▶ DATA FOR THIS TASK:

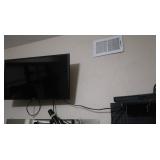 32" Samsung Flatscreen TV w/Remote&Samsun VCR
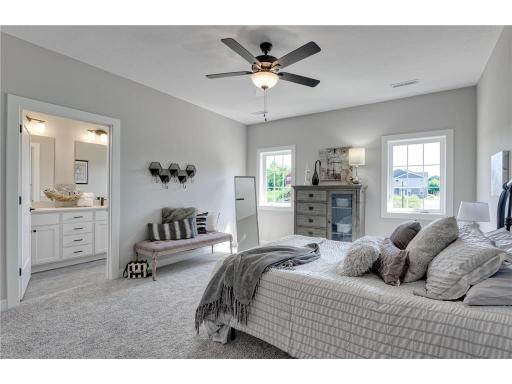 22352 Lilac Way, Forest Lake, MN 55025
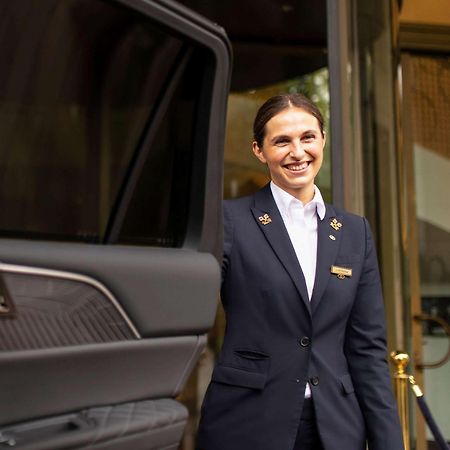 Sofitel Frankfurt Opera Hotell Frankfurt am Main Eksteriør bilde A chauffeur at the airport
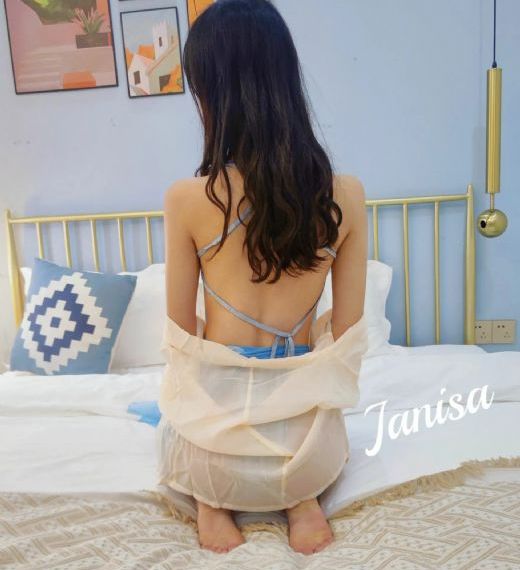 吸高中女同学的奶头_无删减完整版在线观看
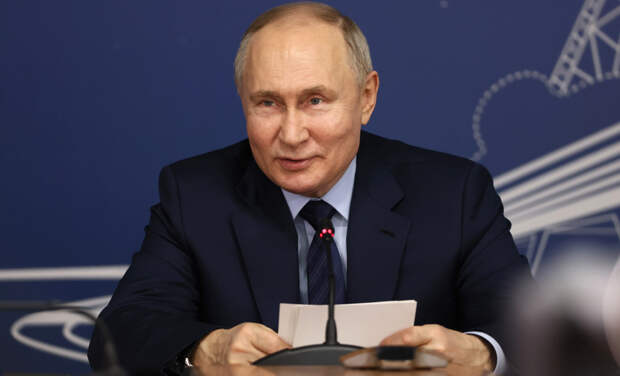 Владимир Путин учредил День военно-политических органов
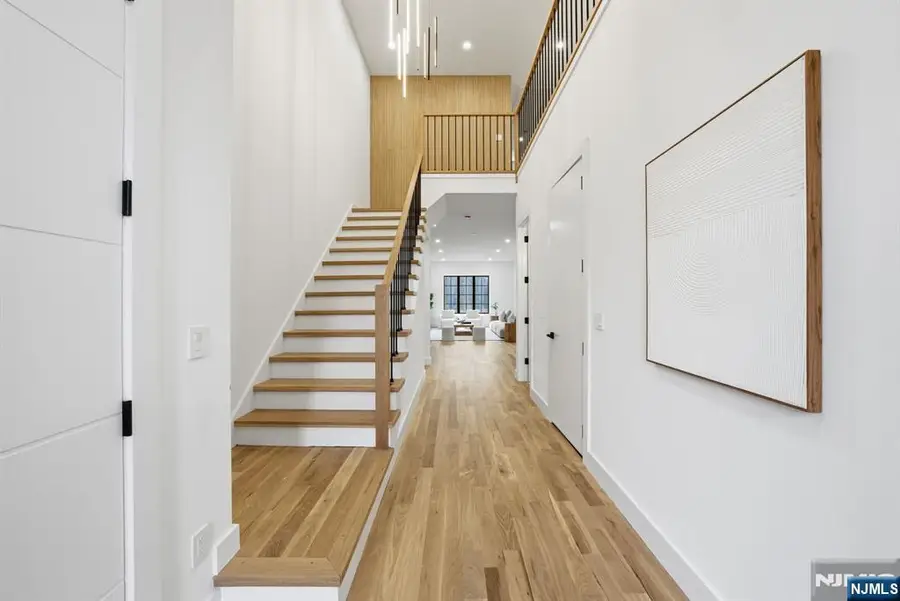 7 Cedar Court, Demarest, NJ 07627 - Image #3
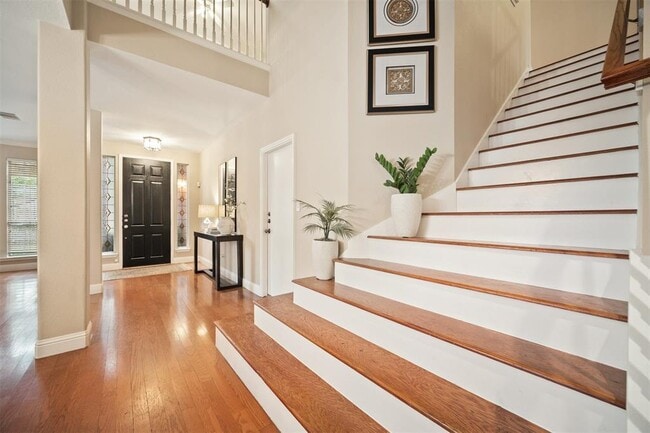 Building Photo - 1215 Boerne Dr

▶ EXERCISE BRIEF: Transcribe exactly the lines running from the line with "7 Cedar Court, Demarest, NJ 07627 - Image #3" to the last line of the entries. Pictures stay out of the copy.

▶ RESULT OF THE EXERCISE:
 7 Cedar Court, Demarest, NJ 07627 - Image #3
 Building Photo - 1215 Boerne Dr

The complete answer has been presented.